Et puis voici enfin ces paroles étranges sur la main, l’œil, le pied qu’il faudrait arracher s’ils conduisent au scandale de soi, et des autres. Dans la symbolique biblique la main est signe du partage, l’œil de la sagesse, le pied de l’agir, de l’action. Quel est alors le scandale possible ? Garder la main fermée sur ses biens, ses dons, le partage de son temps. Utiliser sa sagesse, son intelligence pour éblouir et pas pour éclairer, pour impressionner et pas pour chercher avec d’autres. Agir pour montrer sa force, son énergie, pour dominer, à la limite écraser, et pas pour aider, soutenir, prendre part aux peines et aux joies de l’autre.         

Oui le scandale est possible alors à l’égard de qui partage ou rencontre notre vie. Il est possible aussi pour soi-même. Le scandale qui apparait à la conscience qui voit que malgré son affirmation de vivre selon l’Évangile, de prendre la route à la suite du Christ, d’être en communion avec les autres, la conscience qu’alors on est au service de soi seul, d’un accomplissement de soi égoïste.     
 
Nous avons entendu dans le texte évangélique de ce matin un enseignement, des consignes qui laissent une impression de décousu, et même de recousu comme en un patchwork.

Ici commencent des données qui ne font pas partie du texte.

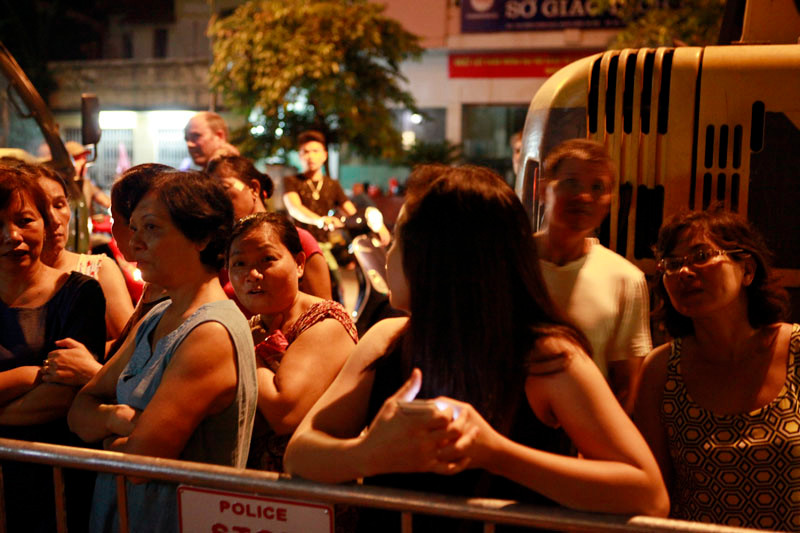 35 nhân viên thoát chết kỳ diệu trong vụ sập nhà cổ 107 phố Trần Hưng Đạo ảnh 13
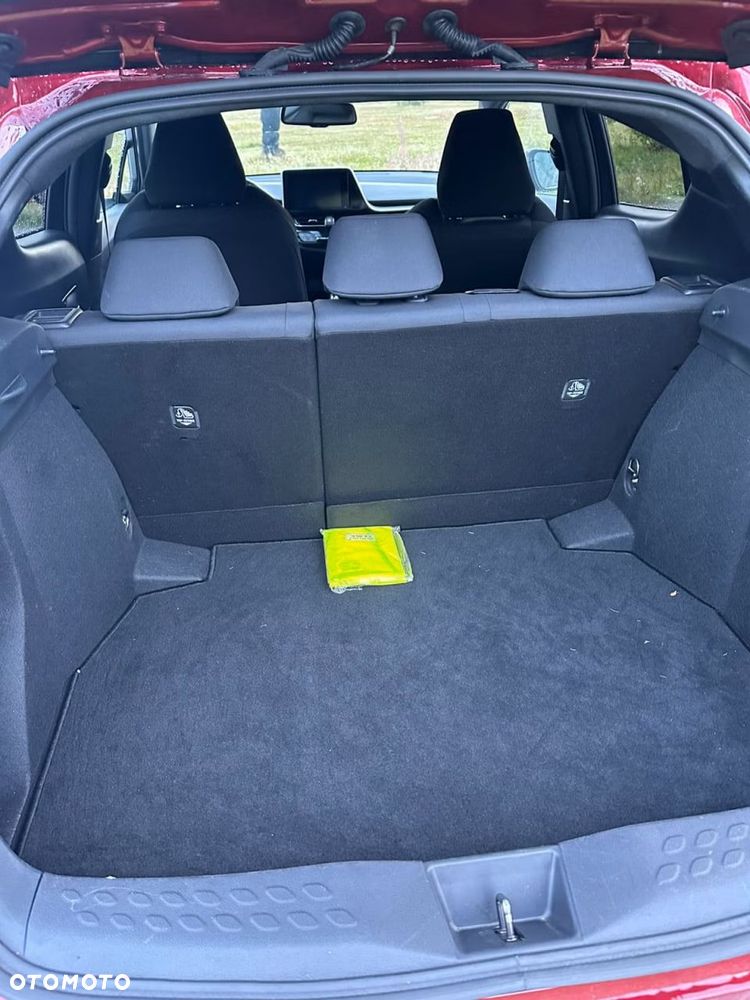 Toyota C-HR Lounge - 20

Comme si l’évangéliste Marc avait rassemblé à la suite des paroles prononcées en diverses circonstances et occasions. Et c’est très probablement ce qui a été fait. Peu surprenant alors que notre réflexion puisse aussi sembler aussi s’égarer en des voies diverses. Mais à regarder de plus près, comment ne pas constater que la lecture des paroles de Jésus présentées ainsi dans la lecture liturgique attirent l’attention sur un certain radicalisme évangélique. Un radicalisme qui n’est pas lourd ou uniquement sévérité quand il est entendu et écouté et vécu justement et vraiment dans une marche selon l’Évangile à la suite du Christ. Vécu en recherche de cohérence et dans une communion avec le Christ qui est lumière pour nous et révélation de notre liberté.